As a Full Focus Planner user, you have the means to plan and track your habit goals. But that’s only half the battle—the easier half, if we’re honest. The hard part is getting out of bed at 5:30 every morning to go for a run or to silence your phone and put it in a drawer for an hour to make progress on the book you’ve been meaning to finish reading.
Creating new habits can be really hard. But it doesn’t have to be.
The reason many of us fail to develop new positive habits is simply a mechanism of how the brain functions. We crave what’s familiar. Our brain loves pattern and repetition, and it often takes repeated, conscious effort to change those patterns, to reshape the way we think and act.
It takes time.
But there are some helpful strategies you can employ to speed up the process, and to make it easier to create, implement, and track habit goals that eventually become second nature.
Strategy 1: Trick Your Brain
Your brain can be your best friend and your worst enemy—all at once sometimes. It’s a perplexing paradox. The brain creates our thoughts and behaviors and habits, yet we can use the brain to trick itself. Our thinking can rewire the system itself.
As Full Focus President and CEO Megan Hyatt Miller wrote in Mind Your Mindset, “Our brains make faulty connections based on prior experiences or something we picked up from others along the way. And those faulty connections show up as unhelpful stories and strategies that prevent us from experiencing the results we want.”
So, how does one go about using the brain to rewrite its own code?
There are many ways to trick your brain to help you form new habits, one of which includes “habit stacking,” a term coined by author James Clear that explains one of the ways your brain makes meaningful synaptic connections. Put simply: You can add on to existing habits with new habits you’d like to create.
For instance, you probably don’t think about the habit of taking a shower at night before bed or first thing in the morning when you wake up. You can use that habit you’ve already established to stack on something new—like a five-minute stretching routine. Once you’ve established that as a new habit, you can stack on something else you want to implement like a quick 15-minute workout. Before you know it, your long-established habit of taking a shower now includes a stretching and workout routine, and it required very little effort to get you there.

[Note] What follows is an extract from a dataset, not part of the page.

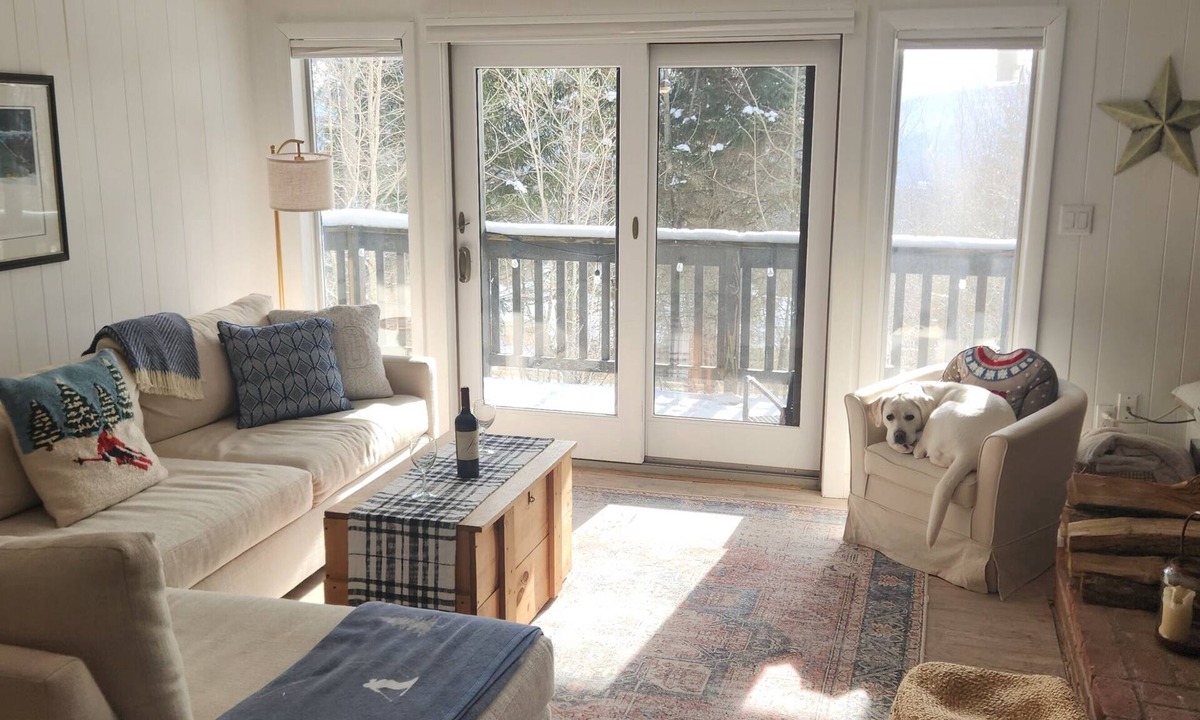 Bromley Mountain Condo | Lovely 2-bedroom condo in Bromley Village perfect for a relaxing getaway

Strategy 2: Try an Activation Trigger
The phrase “out of sight, out of mind” often applies to our habits. When we don’t think about the habit we’re trying to form, we’re not very likely to implement it.
That’s where activation triggers come in.
Say you want to start every morning with a run. You turn off your alarm, roll out of bed, and come face to face with your workout clothes, neatly folded and ready to be put to use. There’s not much thought involved—you thought about that new habit the night before. Seeing those workout clothes is an activation trigger for your brain. It’s a not-so-subtle reminder of your habit that’s hard to ignore.
An activation trigger can be as simple as a sticky note on your mirror or an encouraging message to yourself on the fridge. It’s simply a conscious reminder of something that would otherwise be an unconscious thought.
Activation triggers can also be more subtle, though they should be easier than the habit goal itself. For instance, you may want to make it a habit to be in bed by 10 o’clock every night. Your activation trigger would simply be programming a recurring alarm on your phone for 9:30 every night that signals that it’s time for you to begin your nighttime routine so you can be in bed on time.
Strategy 3: Reward Yourself
We’ve all heard of dopamine. It’s the neurotransmitter chemical in your brain that’s most responsible for helping us feel pleasure, happiness, motivation, and a host of other good things. You may not realize it, but your brain is always chasing after dopamine.
One effective way to form new habits is to associate those habits with a dopamine boost—a reward, in other words.
When you reward yourself with 30 minutes to watch a TV show after you’ve finished up all your work for the day, you’re programming your brain to chase after that reward, and the only way to get there is to complete that goal.
Forming the habit of getting out of bed at 5:30 every morning can be easier with a reward, too. If you start your day by doing something you really enjoy—listening to your favorite podcast, for example—you’re much less likely to reach for the snooze button.
Each of these strategies can be an effective tool for forming new habits on their own. Combine all three, and you’ll find that forming new habits—and sticking with them—doesn’t have to be that hard.